Learning Generalizable Program and Architecture Representations for Performance Modeling

TL;DR

This paper introduces PerfVec, a deep learning framework that learns generalizable program and architecture representations for performance modeling, enabling accurate predictions across diverse hardware and software configurations.

Contribution

PerfVec is the first to learn high-dimensional, orthogonal program and microarchitecture representations that are broadly applicable and efficient for performance prediction tasks.

Findings

PerfVec outperforms existing models in accuracy and efficiency.

It provides a foundation model capturing instruction performance.
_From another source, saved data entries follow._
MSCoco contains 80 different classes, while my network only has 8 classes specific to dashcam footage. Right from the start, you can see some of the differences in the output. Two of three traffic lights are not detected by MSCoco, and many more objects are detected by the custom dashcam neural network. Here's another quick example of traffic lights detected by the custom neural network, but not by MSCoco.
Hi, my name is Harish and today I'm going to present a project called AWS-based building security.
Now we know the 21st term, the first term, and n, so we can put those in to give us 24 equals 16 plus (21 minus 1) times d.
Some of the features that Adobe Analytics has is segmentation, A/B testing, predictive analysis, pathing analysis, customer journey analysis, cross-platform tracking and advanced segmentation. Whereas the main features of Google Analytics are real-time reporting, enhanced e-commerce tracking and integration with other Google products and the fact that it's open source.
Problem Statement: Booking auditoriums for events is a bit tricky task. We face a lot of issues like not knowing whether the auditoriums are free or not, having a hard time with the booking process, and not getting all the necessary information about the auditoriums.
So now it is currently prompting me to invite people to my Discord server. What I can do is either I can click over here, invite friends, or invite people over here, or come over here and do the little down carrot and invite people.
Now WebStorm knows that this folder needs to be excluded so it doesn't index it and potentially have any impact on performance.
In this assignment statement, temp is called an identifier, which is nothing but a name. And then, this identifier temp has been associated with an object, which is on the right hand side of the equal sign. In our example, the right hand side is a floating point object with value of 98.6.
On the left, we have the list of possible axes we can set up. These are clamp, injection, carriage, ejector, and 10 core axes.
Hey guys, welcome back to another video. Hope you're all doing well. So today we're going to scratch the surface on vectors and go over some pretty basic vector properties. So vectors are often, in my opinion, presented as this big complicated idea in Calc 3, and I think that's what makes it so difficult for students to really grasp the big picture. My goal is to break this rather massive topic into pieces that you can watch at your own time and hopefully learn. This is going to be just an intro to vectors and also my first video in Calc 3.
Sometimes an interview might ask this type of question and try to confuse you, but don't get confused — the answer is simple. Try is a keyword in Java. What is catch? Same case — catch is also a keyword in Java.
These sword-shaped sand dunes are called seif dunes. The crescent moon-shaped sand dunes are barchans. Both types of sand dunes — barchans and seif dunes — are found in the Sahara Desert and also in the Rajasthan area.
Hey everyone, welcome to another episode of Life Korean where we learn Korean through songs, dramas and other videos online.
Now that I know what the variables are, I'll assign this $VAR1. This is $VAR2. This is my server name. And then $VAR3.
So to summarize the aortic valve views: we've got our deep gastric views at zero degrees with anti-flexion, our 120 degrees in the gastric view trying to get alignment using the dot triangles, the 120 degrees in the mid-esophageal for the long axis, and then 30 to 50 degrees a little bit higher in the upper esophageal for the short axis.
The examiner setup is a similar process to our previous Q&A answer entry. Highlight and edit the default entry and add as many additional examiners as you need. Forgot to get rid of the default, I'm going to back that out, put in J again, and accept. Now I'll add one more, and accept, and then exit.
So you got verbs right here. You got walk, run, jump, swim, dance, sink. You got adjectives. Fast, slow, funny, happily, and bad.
Demonstrates broad generalization across hardware and software.

Abstract

Performance modeling is an essential tool in many areas, including performance characterization/optimization, design space exploration, and resource allocation problems, to name a few. However, existing performance modeling approaches have limitations, such as high computational cost for discrete-event simulators, narrow flexibility of hardware emulators, or restricted accuracy/generality of analytical/data-driven models. To address these limitations, this paper proposes PerfVec, a novel deep learning-based performance modeling framework that learns high-dimensional and independent/orthogonal program and microarchitecture representations. Once learned, a program representation can be used to predict its performance on any microarchitecture, and likewise, a microarchitecture representation can be applied in the performance prediction of any program. Additionally, PerfVec yields a foundation model that captures the performance essence of instructions, which can be directly used by developers in numerous performance modeling related tasks without incurring its training cost. The evaluation demonstrates that PerfVec is more general and efficient than previous approaches.